Measuring plasma ACTH concentration (AdrenoCorticoTropic Hormone) can also help evaluating the activation of the HPA axis even if it is used much less frequently than cortisol. ACTH increases very quickly and sharply after castration in pigs. ACTH levels give a more sensitive measure than cortisol levels after painful procedures but the concentrations are also more easily affected by the stress associated with handling or by environmental factors (i.e. lack of specificity).
To evaluate the response of the sympathetic system within minutes or hours after an intervention on an animal the blood concentrations of the catecholamines adrenaline and noradrenaline can be measured directly. It is also possible to measure the concentrations of the catecholamines or their metabolites in the urine to study changes over several hours or days. Several other measures can also be used to assess indirectly the activation of the sympathetic system since this system has many effects on the body. For example, respiratory rate, heart rate variability, pupil diameter, surface resistivity of the skin, blood pressure, body or eye temperatures, and plasma concentrations of several metabolites (glucose, lactate and free fatty acids) can be measured. It should be noted that some changes, such as heart rate variability, actually result from a change in the balance between the tonus of the sympathetic system and that of the parasympathetic system.
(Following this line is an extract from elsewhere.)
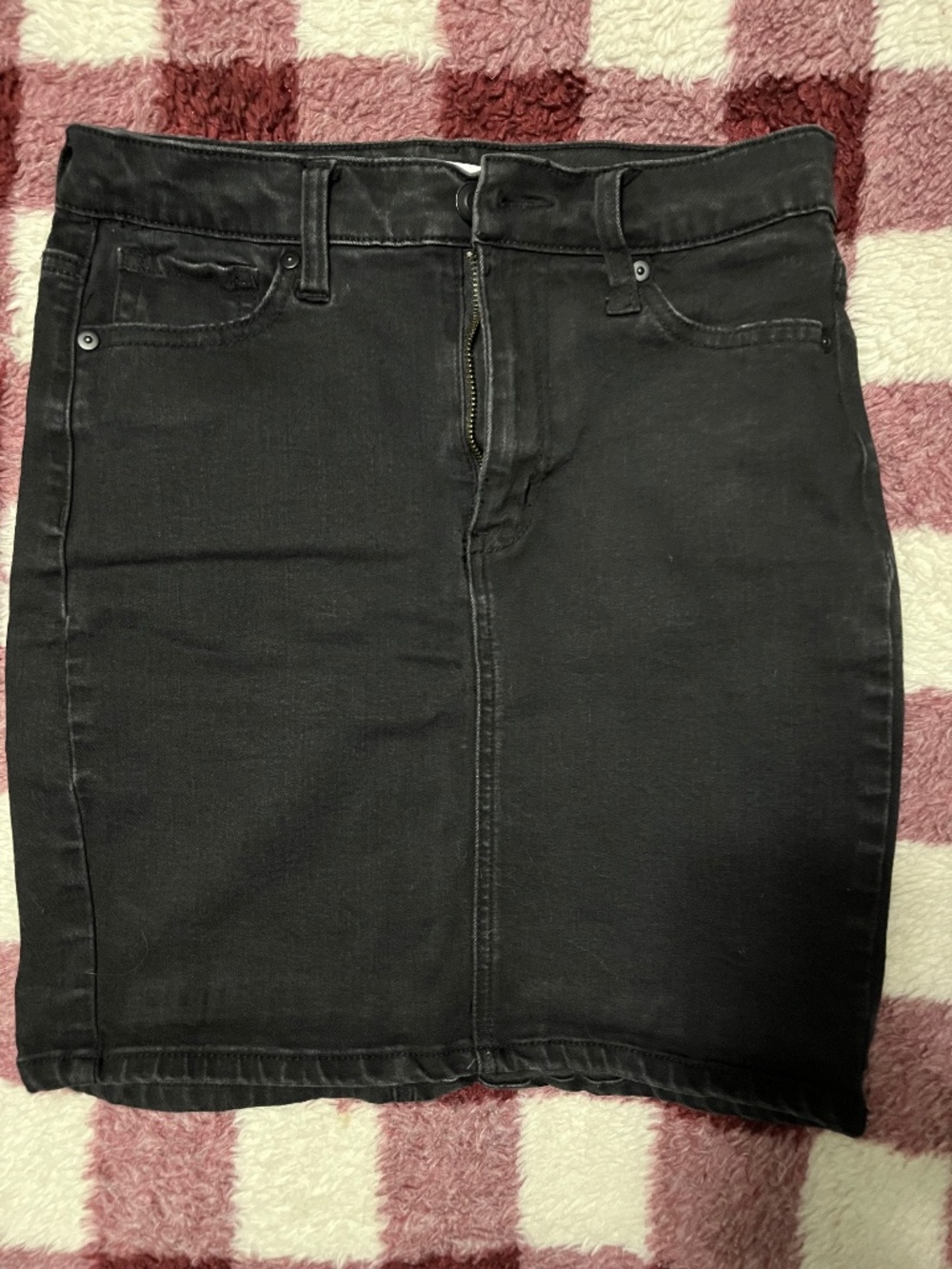 Celebrity Pink Jean skirt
In general, the sympathetic system is very sensitive to the effects of noxious stimuli and the response times are very brief, but it is also very sensitive to animal manipulation and environmental disturbances. One should therefore be even more cautious in interpreting these results than for the HPA axis. Nonetheless, some results clearly show increases in plasma catecholamines and/or lactate as well as heart rate, or a transient decrease in eye temperature after castration or dehorning and there is evidence that local anaesthesia may reduce or even eliminate the changes observed.